<<<<

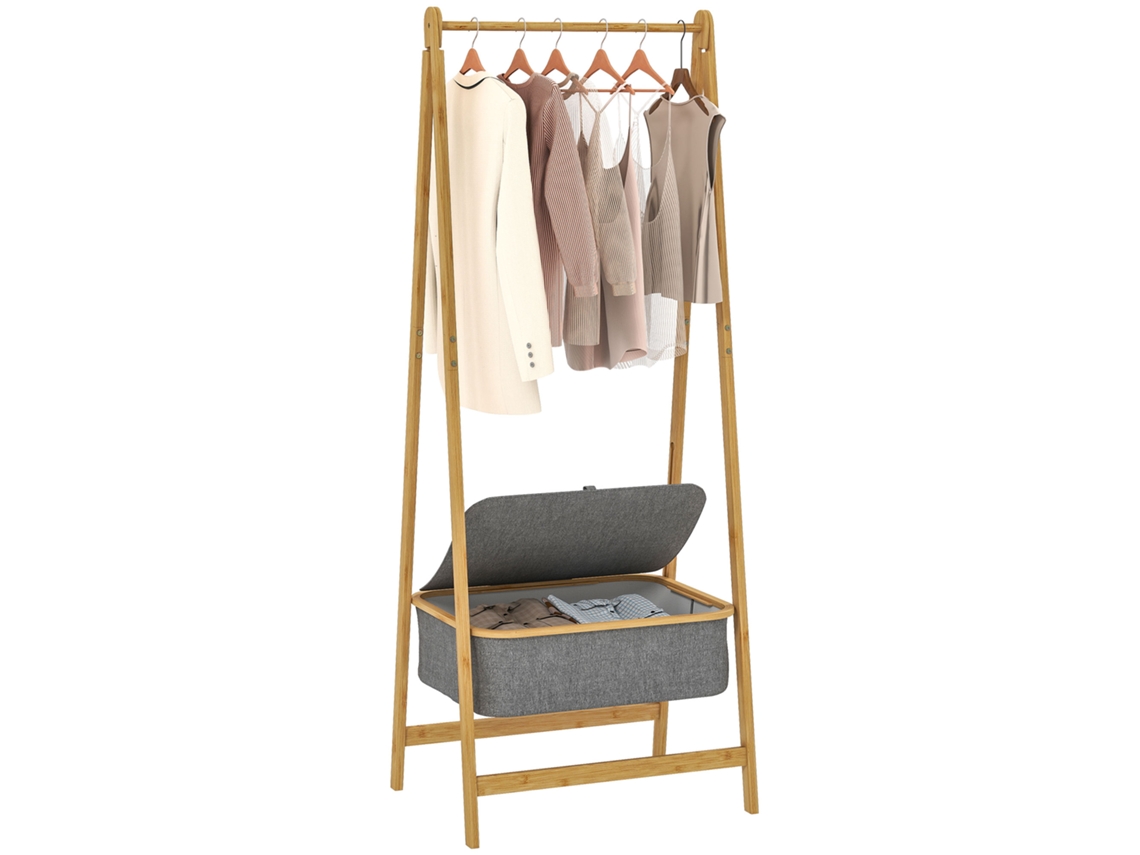 Suporte para Cabides Bambu e Poliéster Cor Madeira e Cinzento 60x44,5x157,5 cm Homcom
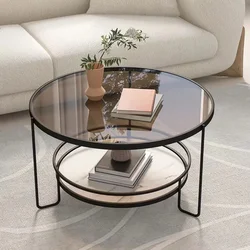 Tempered Glass Coffee Table Small Living Room Round Home Minimalist Table Modern Simple Luxury Furniture Mesas Marble Slate ins
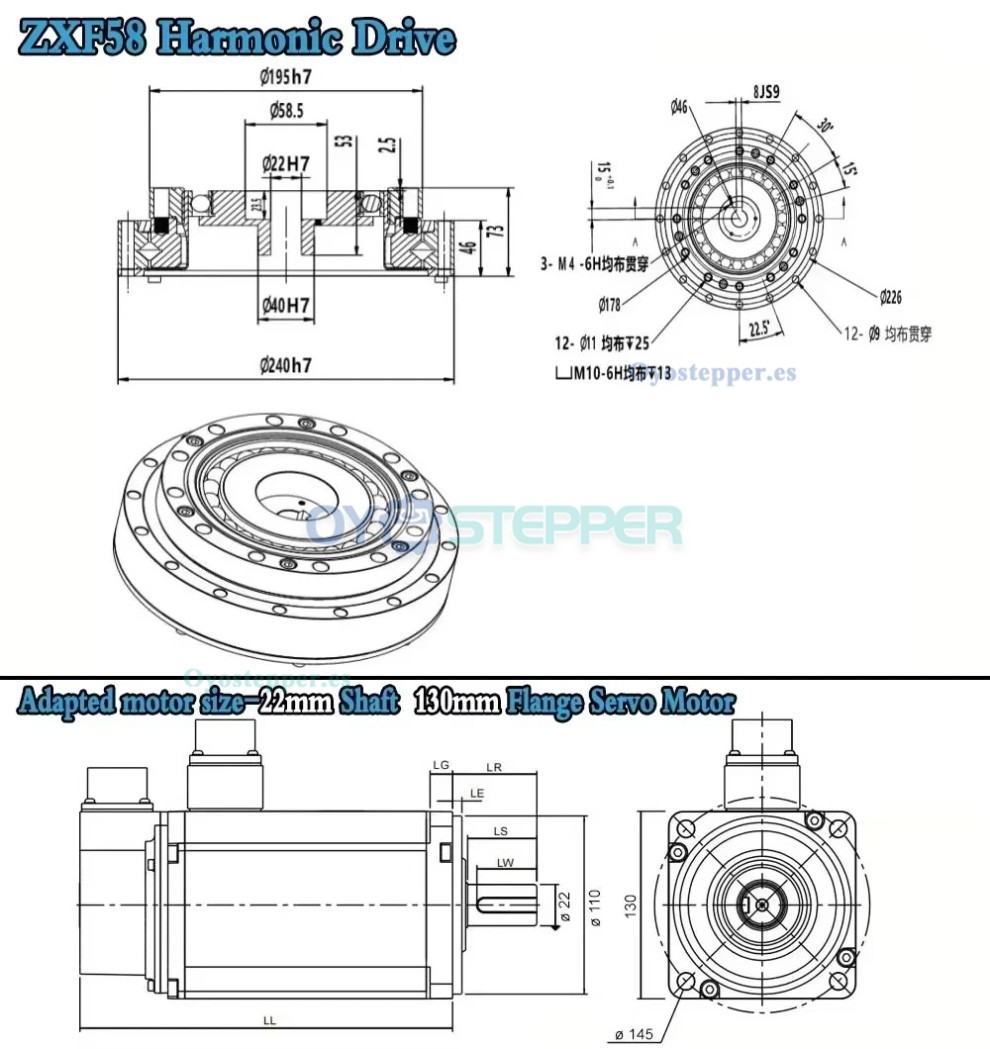 Reductor de engranajes arm&oacute;nicos serie ZXF 31:1 a 160:1 para motor paso a paso/servomotor, brazo rob&oacute;tico CNC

>>>>

Please provide a faithful transcription of all the data, pictures excluded.

__RESPONSE AREA__.
 Suporte para Cabides Bambu e Poliéster Cor Madeira e Cinzento 60x44,5x157,5 cm Homcom
 Tempered Glass Coffee Table Small Living Room Round Home Minimalist Table Modern Simple Luxury Furniture Mesas Marble Slate ins
 Reductor de engranajes arm&oacute;nicos serie ZXF 31:1 a 160:1 para motor paso a paso/servomotor, brazo rob&oacute;tico CNC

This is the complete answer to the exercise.